The presiding Justice overruled the special demurrer and at the same time granted leave to the defendant to plead as follows: "28d. Hearing had July 6 A.D.1953. 29d. Demurrer is overruled. Defendant is accorded leave to plead over." Then follows the following notation under date of July 7, 1953: "Exceptions noted and allowed for plaintiff and defendant." The docket entry made in the vacation following is "July 28, 1953. Plaintiff's Extended Bill of Exceptions filed and allowed." The defendant waived his right to exceptions and filed no bill.
The plaintiff says in his bill of exceptions, after reciting the foregoing facts showing how the question arose, "The Plaintiff now complains of said ruling of the Single Justice in overruling said demurrer and granting leave to the Defendant to plead anew, with respect only, however, to that portion thereof of said decree as grants leave to the Defendant to plead over, and files this Bill of Exceptions thereto, because the ruling in that respect is erroneous in law and the Plaintiff is aggrieved thereby, as follows:
1. The ruling complained of fails to recognize that when a demurrer be overruled, the right of the defendant to plead anew is conditional on the fact that (1) the demurrer was filed at the first term, or (2) if filed at a later term, a stipulation was made at the time of filing and assented to by the court and the plaintiff that the defendant might, if demurrer be overruled, plead anew."

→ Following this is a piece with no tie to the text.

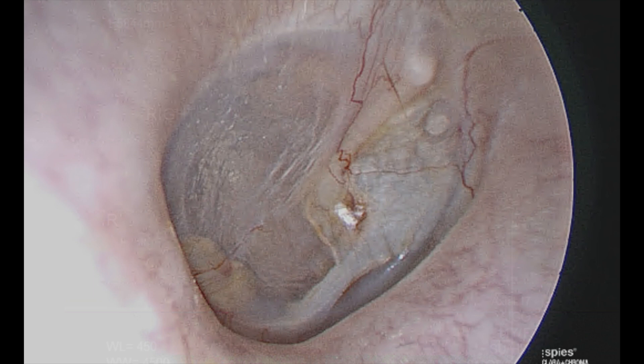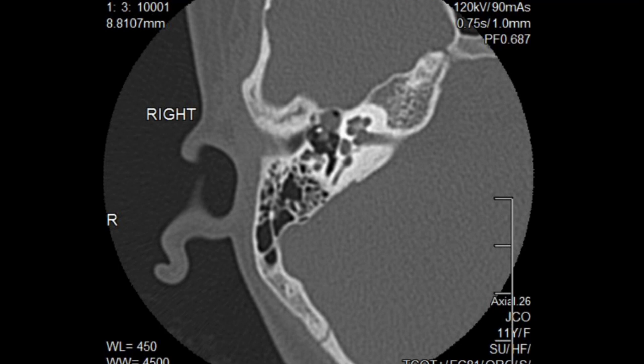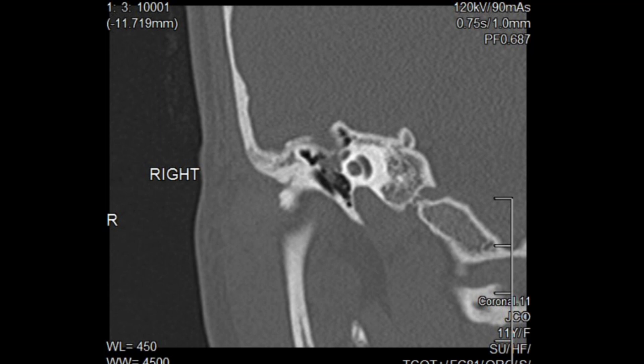On axial CT scan the lesion can be seen abutting the tensor tendon and over the region of the geniculate ganglion, and on the coronal images from anterior to posterior it can be seen next to the snake eyes just here.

The exceptions by the plaintiff raise this question: Did the presiding Justice, after demurrer filed at a term later than the first term and which he overrules, have discretionary authority at the same term to grant leave to the defendant to plead over, without a previous request or stipulation?
The statute says: "A general demurrer to the declaration may be filed; and in any stage of the pleadings either party may demur, and the demurrer must be joined, and it shall not be withdrawn without leave of court and of the opposite party; but the justice shall rule on it, and his ruling shall be final unless the party aggrieved excepts; and before exceptions are filed and allowed, he has the same power as the full court to allow the plaintiff to amend or the defendant to plead anew. If the law court deems such exceptions frivolous, it shall award treble costs against the party excepting from the time the exceptions were filed. If the declaration is adjudged defective and is amendable, the plaintiff may amend upon payment of costs from the time when the demurrer was filed. If the demurrer is filed at the first term and overruled, the defendant may plead anew on payment of costs from the time when it was filed, unless it is adjudged frivolous and intended for delay, in which case judgment shall be entered. At the next term of the court in the county where the action *120 is pending, after a decision on the demurrer has been certified by the clerk of the law court to the clerk of such county, and not before, judgment shall be entered on the demurrer, unless the costs are paid and the amendment or new pleadings filed on the 2nd day of the term; but by leave of court the time therefor may be enlarged, or further time may be granted by the court within which to pay said costs and to file such amendment or new pleadings." Revised Statutes 1944, Chapter 100, Section 38.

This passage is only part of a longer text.